• [DATA TO EXAMINE]:
· · · · ·
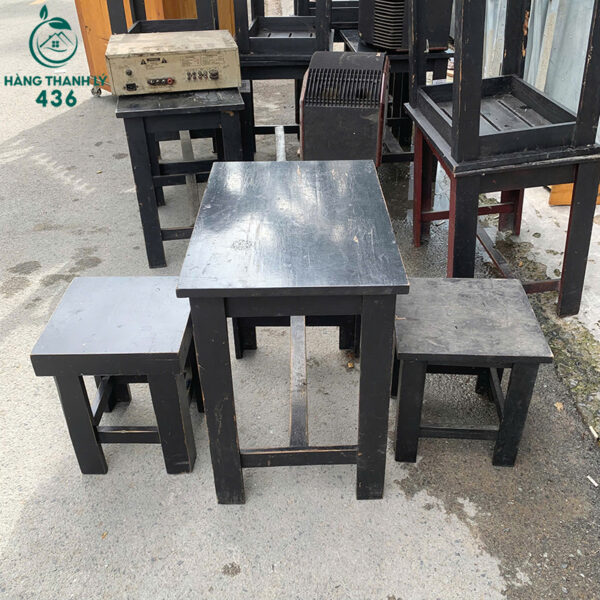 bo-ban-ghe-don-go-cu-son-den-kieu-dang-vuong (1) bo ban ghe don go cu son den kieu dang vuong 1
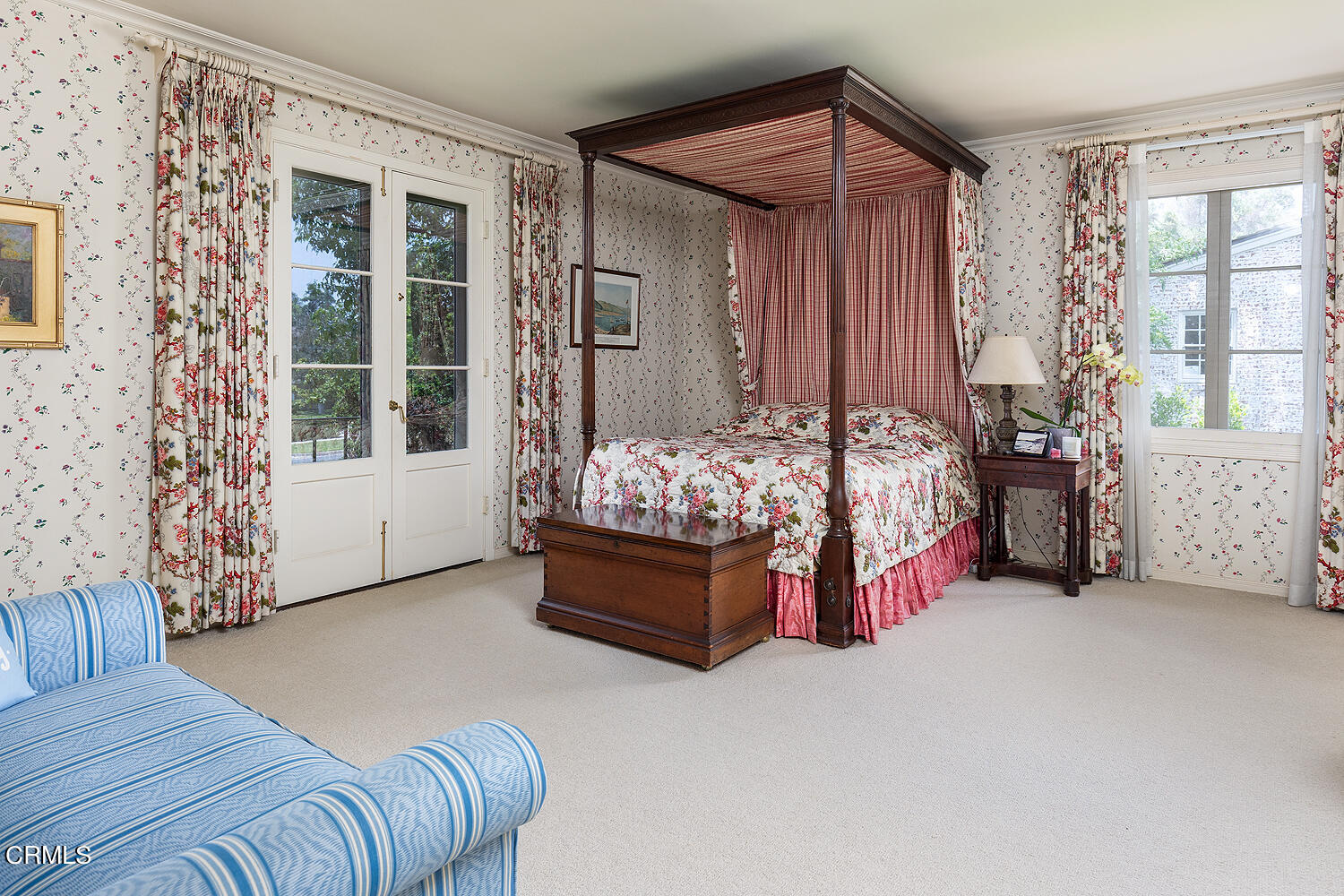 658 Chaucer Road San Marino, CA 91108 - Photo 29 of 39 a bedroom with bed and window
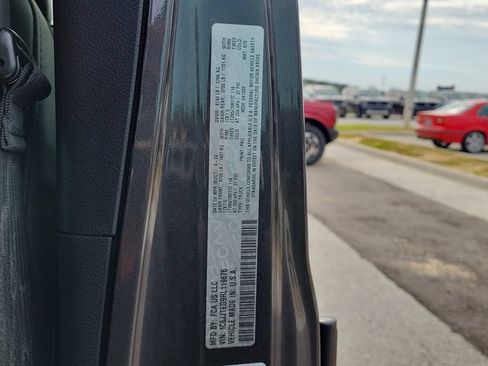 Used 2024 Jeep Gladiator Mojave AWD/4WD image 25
· · · · ·
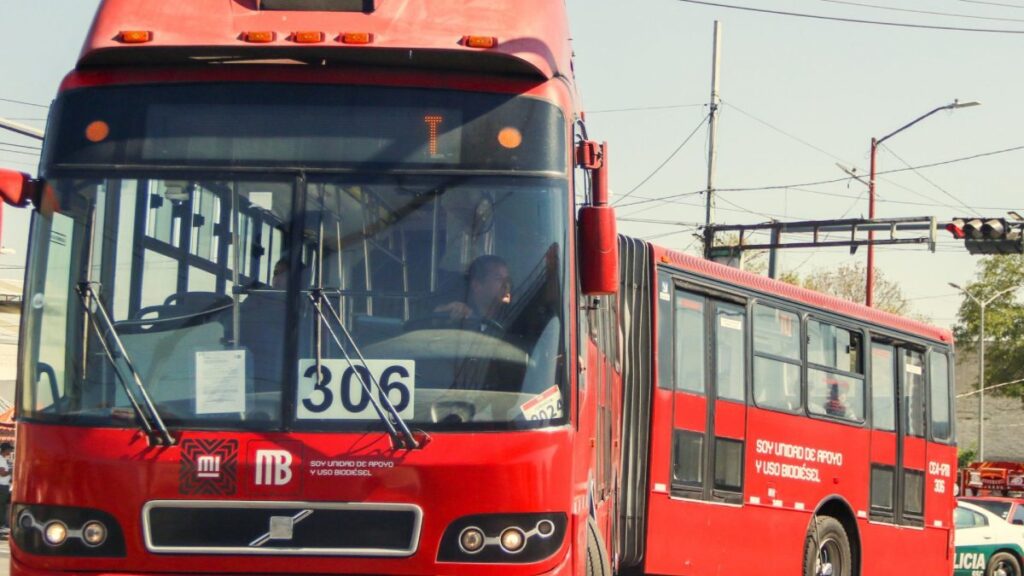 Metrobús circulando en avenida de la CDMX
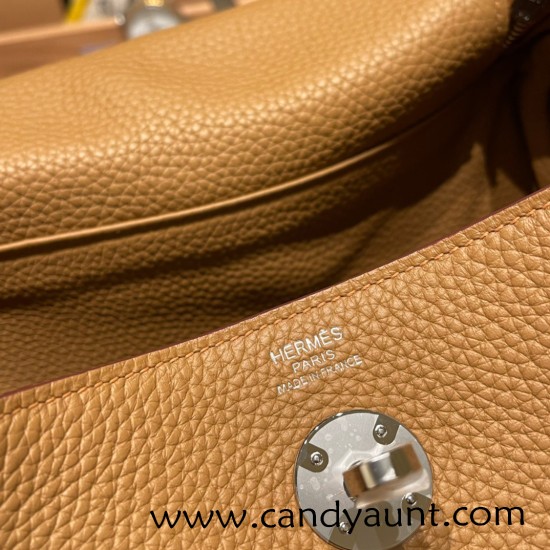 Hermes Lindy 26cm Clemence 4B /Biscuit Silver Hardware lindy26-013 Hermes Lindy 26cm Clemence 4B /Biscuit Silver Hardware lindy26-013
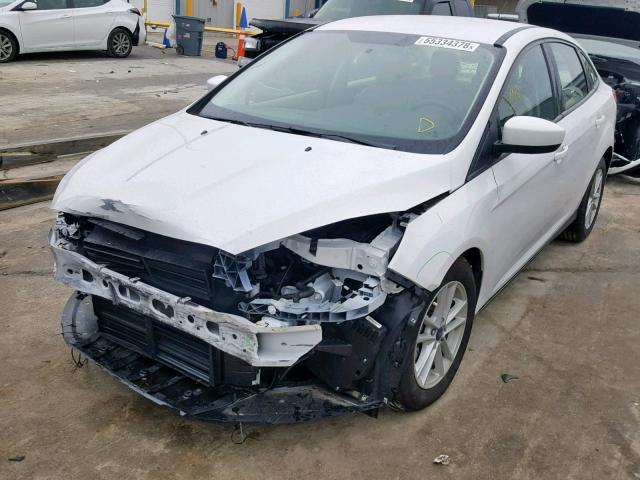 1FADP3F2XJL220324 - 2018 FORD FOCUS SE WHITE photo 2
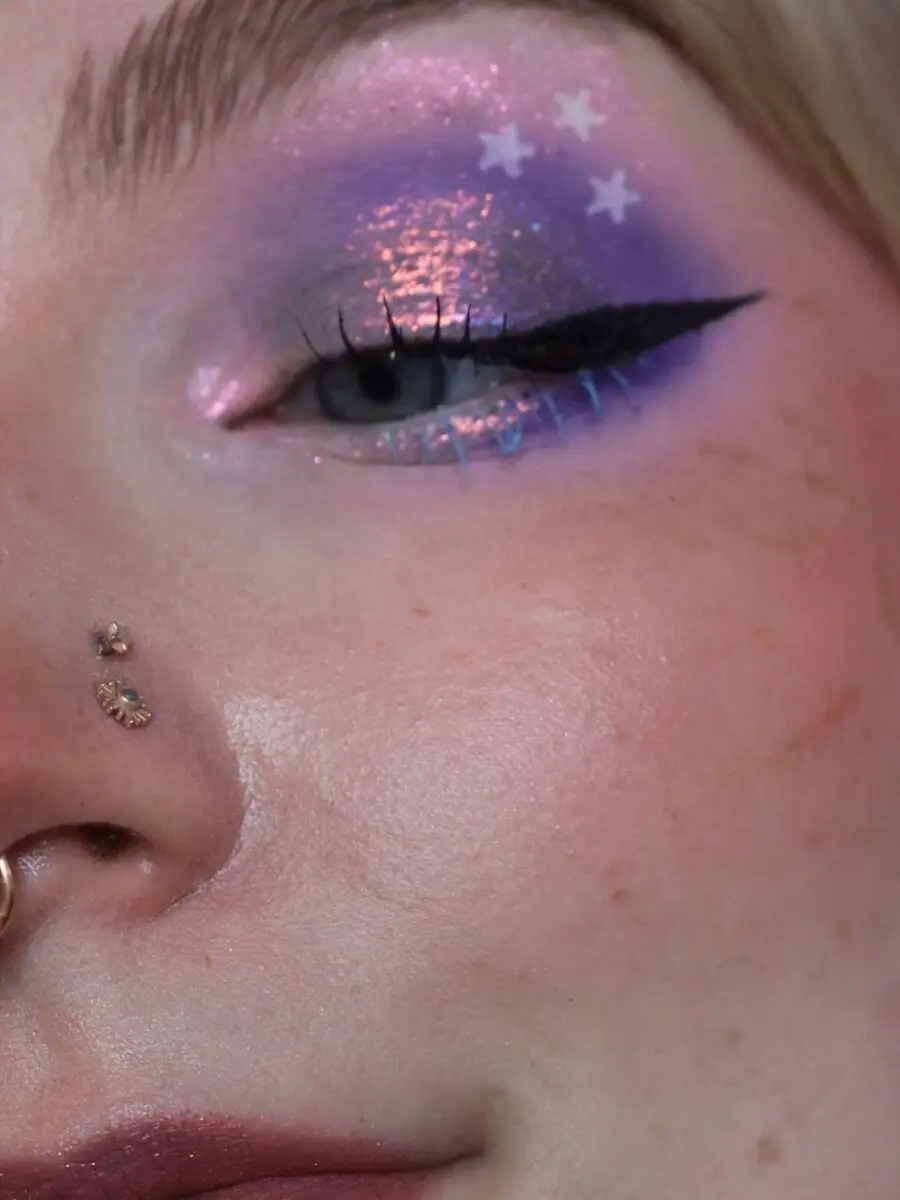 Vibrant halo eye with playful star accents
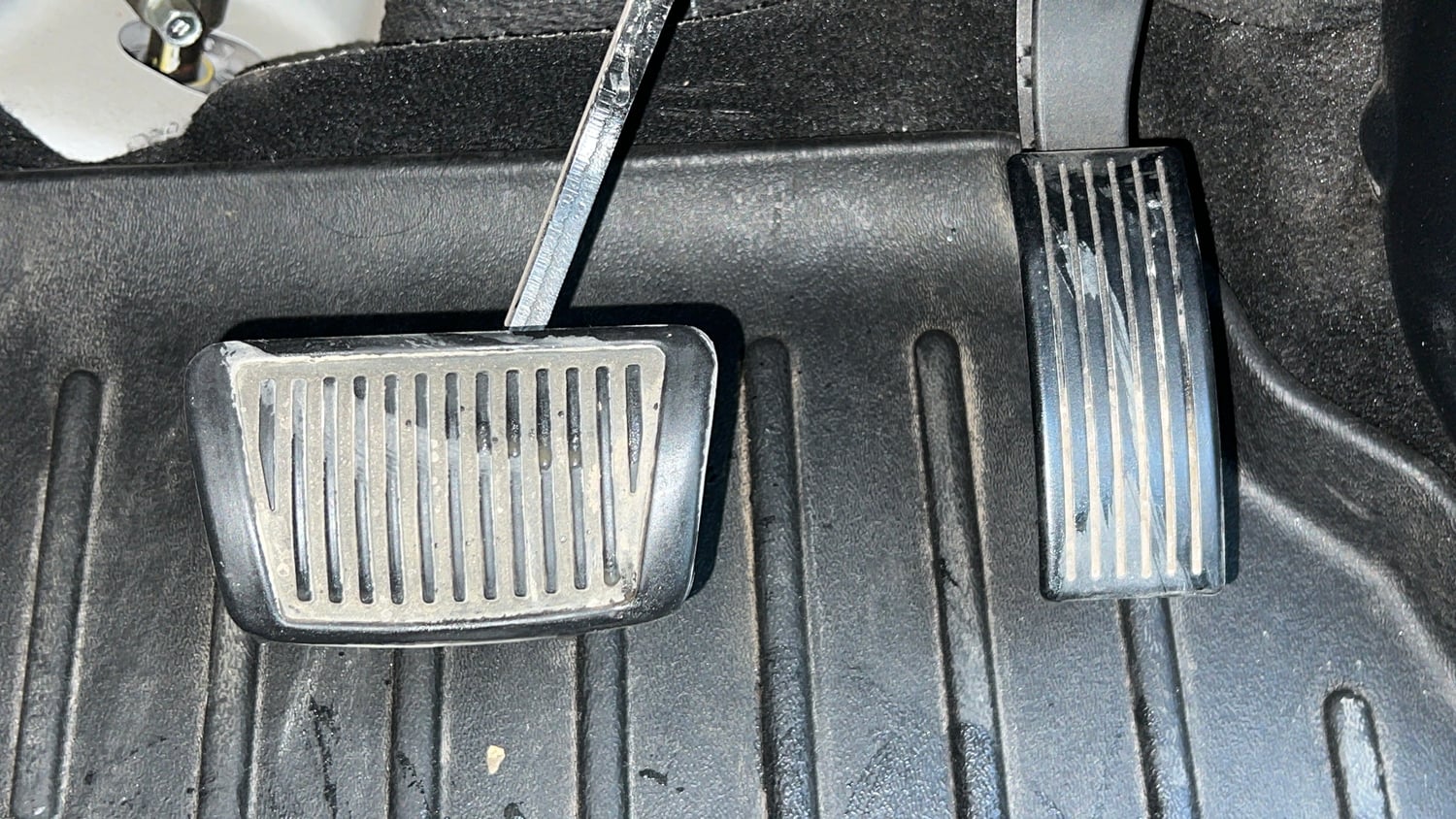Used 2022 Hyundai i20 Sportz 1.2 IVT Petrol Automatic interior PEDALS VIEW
· · · · ·
• [THE PROBLEM]: Look above for the line with "Vibrant halo eye with playful star accents" and the line with "Used 2022 Hyundai", then copy exactly the lines from the first through the second, both kept, with no pictures.

• [PROBLEM SOLUTION]:
 Vibrant halo eye with playful star accents
Used 2022 Hyundai i20 Sportz 1.2 IVT Petrol Automatic interior PEDALS VIEW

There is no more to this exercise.